INCREASE PUBLIC INVESTMENT   IN EDUCATION



The participants of the seminar have analysed the nature and extent of these opportunities and challenges in great detail. The opportunity is to share the fruits of development by sharing knowledge; by extending the facilities for quality education for all at all levels through greater public investment and greater social control over private investment. The challenge is to resist the temptation to permit the monopolisation and commercialisation of knowledge through knowledge delivering supermarkets which could adversely impact both on equity and quality, by denying opportunities to the poor and by marginalising the study of mother tongues and basic disciplines that have no immediate market value.

A large number of participants have suggested that the project of democratisation of knowledge would necessarily involve democratisation and decentralisation of academic governance structures and curriculum transactions, within a framework of autonomy coupled with accountability.

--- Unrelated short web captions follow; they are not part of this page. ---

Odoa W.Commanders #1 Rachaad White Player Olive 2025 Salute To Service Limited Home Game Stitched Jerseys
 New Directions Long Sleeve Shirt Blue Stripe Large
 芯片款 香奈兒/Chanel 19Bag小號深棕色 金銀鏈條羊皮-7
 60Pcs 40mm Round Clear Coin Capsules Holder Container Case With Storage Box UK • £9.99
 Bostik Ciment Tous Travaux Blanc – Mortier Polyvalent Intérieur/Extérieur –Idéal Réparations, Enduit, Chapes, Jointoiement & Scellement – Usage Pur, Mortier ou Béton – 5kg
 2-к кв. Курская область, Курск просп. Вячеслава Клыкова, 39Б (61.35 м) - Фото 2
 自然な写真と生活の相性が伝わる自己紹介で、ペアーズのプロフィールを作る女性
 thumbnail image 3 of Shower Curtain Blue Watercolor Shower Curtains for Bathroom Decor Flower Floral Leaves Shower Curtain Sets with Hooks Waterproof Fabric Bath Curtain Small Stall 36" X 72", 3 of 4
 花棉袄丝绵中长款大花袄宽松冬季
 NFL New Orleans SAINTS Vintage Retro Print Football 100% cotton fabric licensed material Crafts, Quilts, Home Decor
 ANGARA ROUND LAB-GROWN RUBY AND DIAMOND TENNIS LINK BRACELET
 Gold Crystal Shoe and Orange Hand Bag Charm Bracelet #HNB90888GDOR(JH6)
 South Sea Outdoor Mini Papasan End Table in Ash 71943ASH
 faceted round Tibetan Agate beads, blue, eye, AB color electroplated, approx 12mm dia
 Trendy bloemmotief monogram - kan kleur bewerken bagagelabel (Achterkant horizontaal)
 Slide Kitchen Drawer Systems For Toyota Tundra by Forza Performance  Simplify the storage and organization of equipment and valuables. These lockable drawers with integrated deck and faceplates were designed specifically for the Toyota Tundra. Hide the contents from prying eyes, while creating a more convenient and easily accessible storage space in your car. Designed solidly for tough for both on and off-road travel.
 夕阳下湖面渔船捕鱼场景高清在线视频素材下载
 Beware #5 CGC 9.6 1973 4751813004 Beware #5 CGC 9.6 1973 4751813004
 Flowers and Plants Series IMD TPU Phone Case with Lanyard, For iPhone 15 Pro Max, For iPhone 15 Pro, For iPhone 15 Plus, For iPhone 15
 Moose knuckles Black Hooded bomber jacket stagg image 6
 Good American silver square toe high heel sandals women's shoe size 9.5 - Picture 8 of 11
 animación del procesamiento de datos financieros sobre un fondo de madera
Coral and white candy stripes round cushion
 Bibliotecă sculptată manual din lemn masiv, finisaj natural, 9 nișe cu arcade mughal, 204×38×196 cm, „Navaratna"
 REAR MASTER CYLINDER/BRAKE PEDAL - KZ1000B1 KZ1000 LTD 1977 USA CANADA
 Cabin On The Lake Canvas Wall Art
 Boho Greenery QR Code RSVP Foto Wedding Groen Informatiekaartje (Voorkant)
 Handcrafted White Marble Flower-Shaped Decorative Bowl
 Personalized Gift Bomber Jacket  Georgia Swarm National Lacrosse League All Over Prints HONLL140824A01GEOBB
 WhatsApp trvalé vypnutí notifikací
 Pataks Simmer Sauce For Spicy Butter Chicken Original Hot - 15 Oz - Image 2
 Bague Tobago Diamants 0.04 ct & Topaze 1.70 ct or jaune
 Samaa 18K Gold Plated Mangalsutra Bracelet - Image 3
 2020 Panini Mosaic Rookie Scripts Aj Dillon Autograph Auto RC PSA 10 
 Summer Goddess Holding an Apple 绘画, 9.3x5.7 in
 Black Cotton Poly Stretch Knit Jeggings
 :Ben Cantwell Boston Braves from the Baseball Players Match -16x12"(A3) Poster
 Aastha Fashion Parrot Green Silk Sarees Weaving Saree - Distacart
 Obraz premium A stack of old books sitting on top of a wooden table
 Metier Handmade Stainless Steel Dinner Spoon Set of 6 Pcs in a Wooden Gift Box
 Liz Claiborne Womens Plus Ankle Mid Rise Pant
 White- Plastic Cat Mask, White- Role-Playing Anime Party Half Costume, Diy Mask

This would imply radical changes in the existing system of pedagogy in which the teacher plays an instrumentalist role of delivering knowledge to the client student. This relationship between the teacher and the student will have to be replaced by a more co-operative, collaborative and creative relationship among partners who would engage in a joint exploration of knowledge, undertaken in an atmosphere of mutual trust and love. This could lead to the development of a learner inspired curriculum that would take care of the differential needs of the learner, including that of the differently-abled, in a spirit of celebration of differences, within a system of shared common values, helping to transform the teachers and the students into organic intellectuals of the people.

The realisation of the ambitious project outlined above is not easy, as has been repeatedly pointed out by the participants. It involves the development of a broad consensus within the state on a long-term programme of sustainable education, which, among other things, would require a rethinking on narrow minded vote bank politics and a redefinition of the role of the media. It would also require a re-drawing of the contours of centre-state relationship in accordance with the ethos of federalism. This would imply greater consultation between the centre and the states, especially in the allocation of funds. The needs of Kerala which face second and third generation problems in education are unique in so far as they pertain more to qualitative improvement than quantitative development at school level education and improvement of access, equity and excellence at higher levels. This has to be properly addressed. The judiciary will also have to play a more positive role than at present in protecting and strengthening the constitutional ethos and democratic aspirations of the people in respect of education.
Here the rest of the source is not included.